Lomax: Proxima Fusion. The Munich company raised €411m at a €2.5bn valuation, led by XTX Ventures, the largest fusion round ever in Europe from a company only two or three years old. Proof for the recurring Upside thesis that fusion and quantum are where Europe can play, alongside IQM’s IPO in Finland.

Dan: Quantum Diamonds. Another Munich business, £91m raised to scale semiconductor inspection tech, only £15m of it equity. Following the ASML playbook of creating value now.

Notable Quotes

“So what they’re doing is they’re distilling the competition, gating the models, and now potentially locking the door. Pretty genius, an old Chinese playbook.” – Dan Bowyer, on China’s AI strategy.

“I think as leverage goes, it’s different from rare earths because it’s much easier to substitute.” – Mads Jensen, on why a Chinese model lockout worries him less than the metals.

“This week we’ve seen the most boring people in Britain do something I think is quite interesting. Pension funds have started buying venture.” – Dan Bowyer, on Nest’s £200m venture commitment.

“Economists have predicted nine of the last five recessions.” – Mads Jensen, on the difficulty of calling a market top.

Frequently Asked Questions

Could China restrict access to its AI models, and how exposed is Europe?

Beijing is reportedly considering restricting foreign access to its top models, after Chinese open-weight models overtook US ones on usage. Mads Jensen's view is that it's a weaker lever than rare earths, because open weights already in circulation can be forked and improved. Europe's real exposure is in power, data centres and semiconductors, not the models themselves.

What is model distillation and why is Anthropic worried about it?

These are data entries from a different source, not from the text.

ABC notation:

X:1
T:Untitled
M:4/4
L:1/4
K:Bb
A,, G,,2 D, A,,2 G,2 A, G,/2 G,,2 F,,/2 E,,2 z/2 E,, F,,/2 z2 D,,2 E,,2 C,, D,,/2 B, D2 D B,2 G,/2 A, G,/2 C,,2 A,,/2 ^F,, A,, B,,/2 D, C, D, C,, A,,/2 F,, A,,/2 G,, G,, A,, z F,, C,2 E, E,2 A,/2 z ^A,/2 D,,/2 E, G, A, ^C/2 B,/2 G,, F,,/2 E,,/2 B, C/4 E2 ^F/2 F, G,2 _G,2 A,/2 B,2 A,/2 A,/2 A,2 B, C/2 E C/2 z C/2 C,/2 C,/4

Distillation is training your own model on the outputs of a stronger one. Anthropic told the US Senate that Alibaba's Qwen lab ran 29 million exchanges with Claude through 25,000 fake accounts to harvest outputs for training. It's one reason Chinese labs closed the gap so quickly, and a reason frontier labs are now gating access.

Is UK pension money finally going into venture capital?

Slowly. Nest, with 14 million members and £68bn under management, committed £200m to a VC sleeve with Schroders, aiming for £1bn by 2030, starting with Synthesia and Wave. It's a start, but the amounts are small and mostly late-stage.

Is the AI boom a bubble like the dot-com crash of 1999?

The parallels are real: the Shiller CAPE just hit 40, last seen in December 1999, and AI deal-making has turned circular. But on the podcast the counter held up, with usage generating real revenue years earlier than the eyeball metrics of 1999 ever did, and valuations well below dot-com peaks. The likelier outcome is consolidation, not a clean crash.